Learning from AWS failure
Of all days it had to happen on Friday the 13th. Last month, AWS customers experienced a partial network outage that partially severed an availability zone’s connectivity to the rest of the internet. A month before that, there was another gray failure with a very black-and-white impact on a dozen well-known internet services.
The point is not to lament failures of public clouds. Everyone, on-premise, in the clouds or anywhere in-between, experiences failures. Failures are a fact of life. AWS’s just get more publicity. Instead let’s focus on the more interesting question: What can we learn from these failures?
AWS failure incident #1: EBS
At Datadog HQ we saw the announcement pop up that Sunday at 4pm EDT in one of the AWS-centric screenboards. If you’ve turned on the AWS integration on and you have instances in us-east-1, you have seen it too.
Our key metrics were not affected (thanks to our past experience) so we could stay in proactive mode and formulate some hypotheses on what the impact would be, should the outage spread further. For that we relied heavily on our own metric explorer (yes, Datadog eats its own dog food).
Later that day, we received in the event stream more details about the outage (emphasis mine).

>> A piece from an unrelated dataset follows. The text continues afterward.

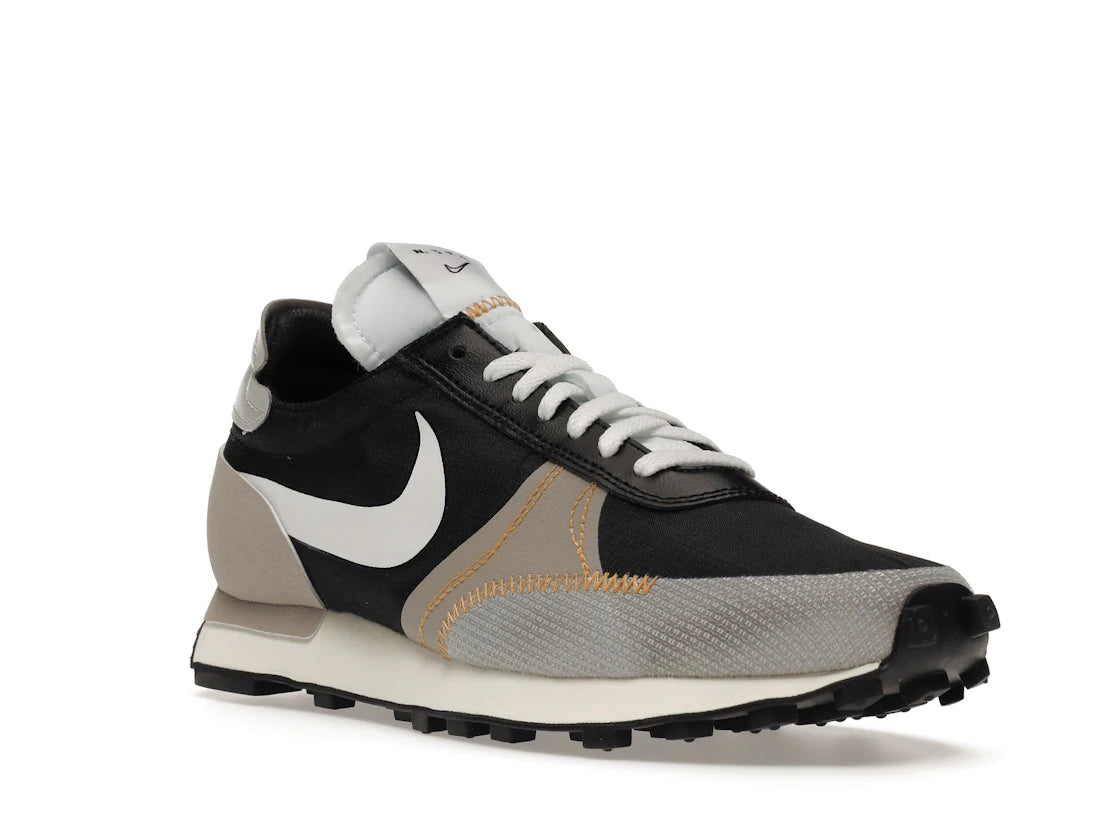Nike Daybreak Type SE Black Grey Fog - vue secondaire A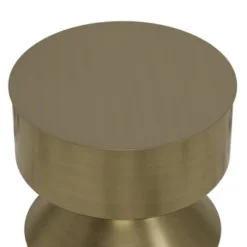 Clover Side Table Black/Brass - WyndenHall 10 Clover Side Table Black/Brass - WyndenHall -Furniture Haven Shop GUEST 037fab2d 33fc 4057 ad47 76ce7ab9d872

AWS failure incident #2: network outage in an EC2 zone
Here is the visualization of the impact of the network outage per zone, in terms of latency and throughput.
The first indicator of an issue is here latency as shown as (1) on the top graph. Throughput in that zone degrades but only to a point. As latency increases, throughput continues to drop until all traffic has been drained from the zone and other zones pick up the slack (3). At that point latency recovers as no traffic is flowing to the affected zone. Eventually the problem is fixed (4) and everything comes back to normal.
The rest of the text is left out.